DSPy — Systematic Prompt Optimization

Purpose

DSPy is a programmatic framework for building and optimizing LLM pipelines without manual prompt engineering. Rather than hand-crafting prompts and few-shot examples, DSPy treats prompt construction as a compilation problem: the developer defines the task declaratively (input fields, output fields, quality metric), and an optimizer automatically discovers the best prompts and demonstrations by searching over the space of possible configurations. This eliminates the guesswork and brittleness of manual prompt engineering, especially for complex multi-hop pipelines where prompt changes in one module can interact unpredictably with downstream modules.

Architecture

DSPy Signatures

A Signature declares the input and output fields of a module, with descriptions that serve as the prompt template. No prompt text is written manually.

class QuestionAnswer(dspy.Signature):
    """Answer a factual question accurately."""
    question = dspy.InputField(desc="A factual question to be answered")
    answer = dspy.OutputField(desc="A concise, accurate answer to the question")
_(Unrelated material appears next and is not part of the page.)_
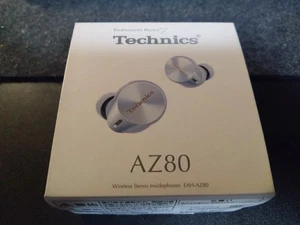 Auriculares inalámbricos verdaderos premium plateados Panasonic Technics EAH-AZ80 con cancelación de ruido - Imagen 1 de 6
The signature’s docstring and field descriptions become the foundation of the generated prompt. The optimizer’s job is to enrich this with few-shot examples and, optionally, refined instructions.

DSPy Modules

Modules wrap signatures and implement a forward pass. Built-in modules:

dspy.Predict: Direct call to the LLM with the signature. Equivalent to zero-shot or few-shot prompting.
dspy.ChainOfThought: Automatically adds a reasoning field before the output field, eliciting chain-of-thought reasoning.
dspy.ReAct: Implements the ReAct loop (see Agentic Loop) with tool use, wrapping tool definitions into the signature framework.
dspy.MultiChainComparison: Generates multiple CoT reasoning chains and compares them before producing the final answer (like Self-Consistency).
dspy.ProgramOfThought: Generates and executes Python code to answer the question.

Modules compose naturally into programs:

class RAGPipeline(dspy.Module):
    def __init__(self, num_passages=3):
        self.retrieve = dspy.Retrieve(k=num_passages)
        self.generate = dspy.ChainOfThought("context, question -> answer")
 
    def forward(self, question):
        context = self.retrieve(question).passages
        return self.generate(context=context, question=question)

DSPy Optimizers (Teleprompters)

Optimizers take a program, a training set, and a metric function, then automatically construct an optimized version of the program with better prompts and/or few-shot examples.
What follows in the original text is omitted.